We again averaged over 100 iterations, with changing the standard deviation of the noise (σ) from 0 to 5. We present the level of noise that best resembled human choices. We have further verified that using the noise-injected results did not change the preceding analysis, similar to using top2 accuracy, as explained above.

FIGURE 2

Figure 2. (A) One hundred and eighty original images and all pairwise mixtures between them were used as inputs to a pre-trained convolutional neural network (VGG19). (B) The network architecture. (C) Four possible softmax outputs when inserting a mixed image as an input (see text). (D) Detection threshold for output classification. The network choice was defined based on the overlapping top N categories of the original images and the mixed image (see text).

2.3. Human Experiment

The 180 images were uniquely paired to avoid repetitions that might cause memory biases. The 90 pairs were randomly divided to three groups of 30 mixtures each, yielding six conditions (three of the “50/50” and three of the “phs/mag,” github.com/lirongruber/Visual-Competition/tree/master/human%20experiment/img). We used Amazon Mechanical Turk to test 600 participants in an on-line experiment, 100 per condition (participants were 36.6 ± 10.6 years old, 303 of them were males). Ethics approval was obtained by the IRB (institutional review board) of the Weizmann institute of science. Each participant signed an informed consent form before participation and was paid 0.5$.

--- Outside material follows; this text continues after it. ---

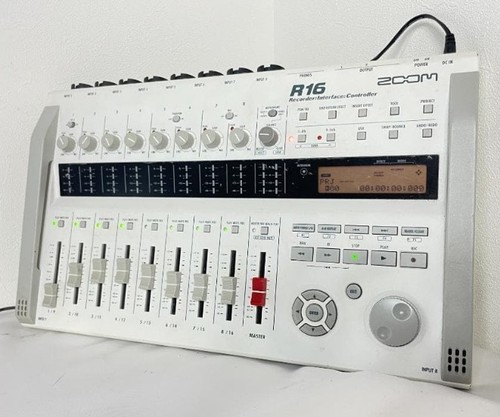 Registratore multitraccia zoom - registratore,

Each trial began with 1 second of fixation (+ at the screen center) followed by the brief image presentation. We presented the mixed images to participants for 100 ms (different browsers cause jitters of 7.5 ± 0.7 ms), as this brief exposure allows full recognition of regular images, while challenges the recognition of objects in the mixed images (Sheinberg and Logothetis, 1997; Cadieu et al., 2014). This time frame is commonly used in similar studies as it eliminates the effect of eye movements which enable humans to resample the image and impair the comparison (see Fig2S in Cadieu et al., 2014; Rajalingham et al., 2018).

Each trial ended with a free written report, usually between one to three words. Participants were instructed to report the object or objects they perceived, or type “none” if no object was recognized (empty reports were not accepted). Even though the networks rank 1,000 pre-determined categories, the open report is a better comparison than providing humans with a long list of options. An open report allows more authentic recognition answers, by not providing hints, not encouraging guessing and allowing the “none” option. Alternative solution as proposed in Kubilius et al. (2016) shortens the list but still has the above weaknesses of a closed report. Each written report was manually encoded to one of the four types of scenarios (Figure 2C). Decisions were made separately by two independent examiners, and the few disagreements were discarded (1.1%).

3. Results

3.1. Comparing DNN and Humans Choices

We calculated the probability of both humans and the DNN to perceive either one image, both, or none of them. Figure 3A shows the results of the 50/50 dataset and Figure 3B shows the results of the phs/mag dataset, for VGG-19.

FIGURE 3

Figure 3. Histograms of choices classification. (A) DNN's top5, noise-injected-top5, top2 and humans' reports probability when observing the 50/50 dataset. (B) DNN's top5, noise-injected-top5, top2 and humans' reports probability when observing the phs/mag dataset.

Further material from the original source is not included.